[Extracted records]
━━━━━━━━━━

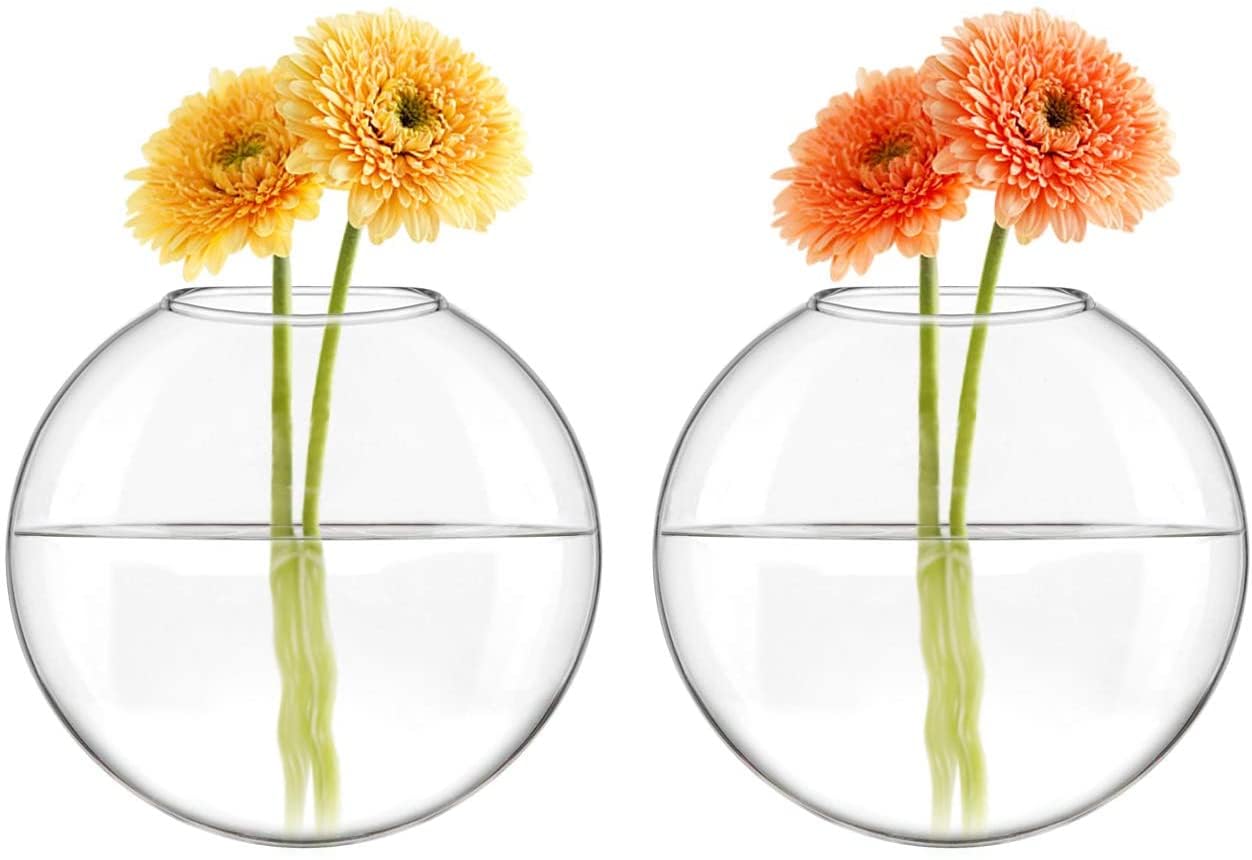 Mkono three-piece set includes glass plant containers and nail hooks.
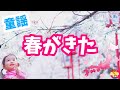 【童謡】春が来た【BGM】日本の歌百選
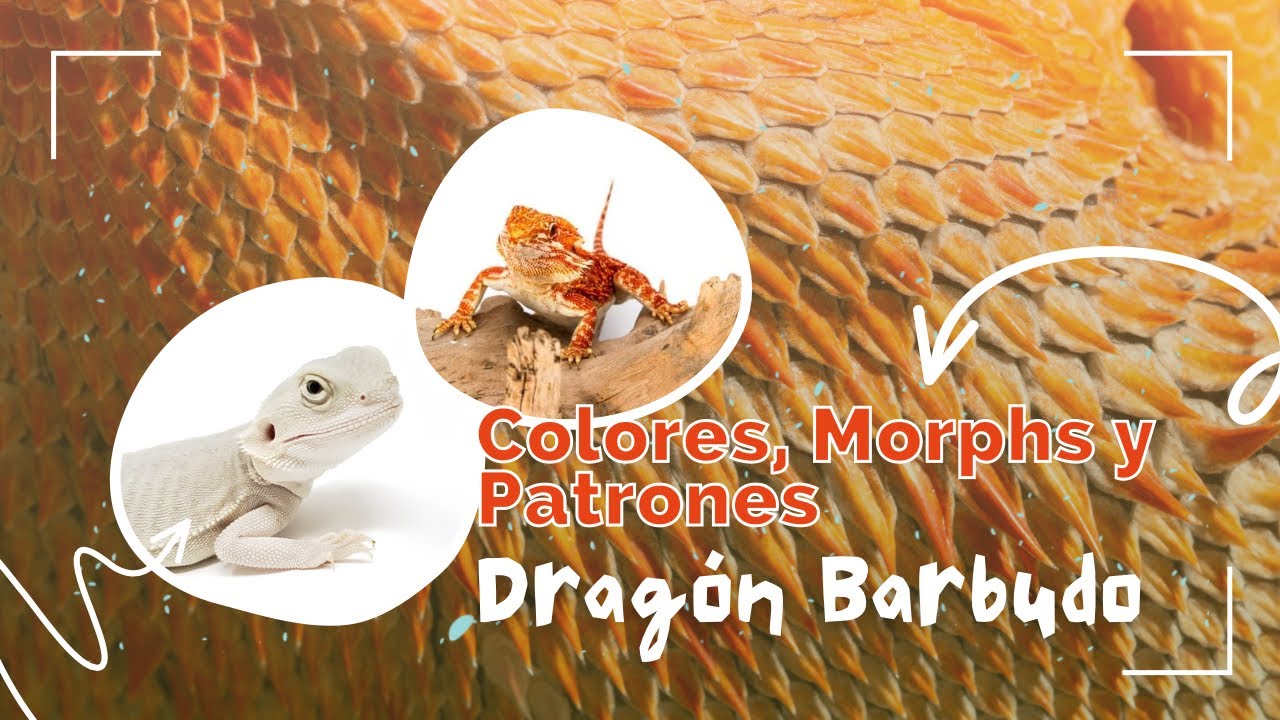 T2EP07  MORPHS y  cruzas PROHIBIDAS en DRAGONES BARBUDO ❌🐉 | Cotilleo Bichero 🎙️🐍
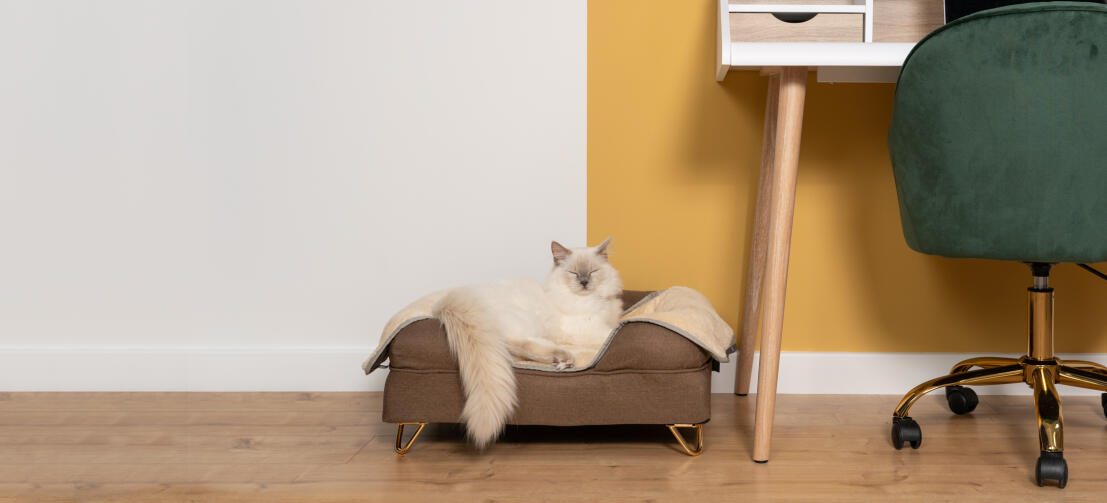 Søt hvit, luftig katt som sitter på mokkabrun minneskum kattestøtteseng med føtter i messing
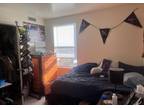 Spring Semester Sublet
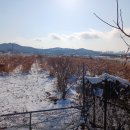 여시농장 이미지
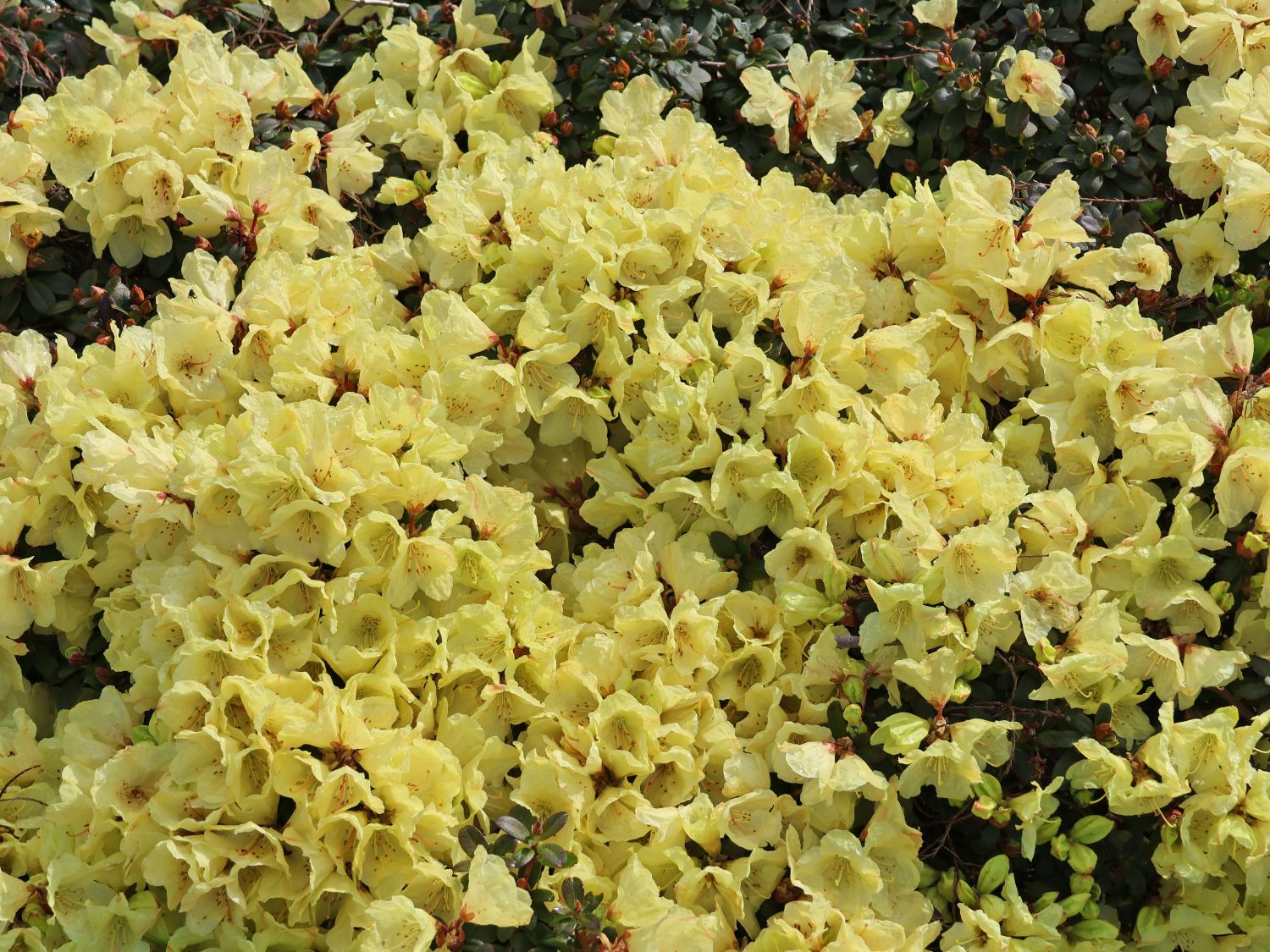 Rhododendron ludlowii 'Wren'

━━━━━━━━━━

[What is required] Exactly as given, transcribe every line of the data, but not its images.

[Your solution]
 Mkono three-piece set includes glass plant containers and nail hooks.
 【童謡】春が来た【BGM】日本の歌百選
 T2EP07  MORPHS y  cruzas PROHIBIDAS en DRAGONES BARBUDO ❌🐉 | Cotilleo Bichero 🎙️🐍
 Søt hvit, luftig katt som sitter på mokkabrun minneskum kattestøtteseng med føtter i messing
 Spring Semester Sublet
 여시농장 이미지
 Rhododendron ludlowii 'Wren'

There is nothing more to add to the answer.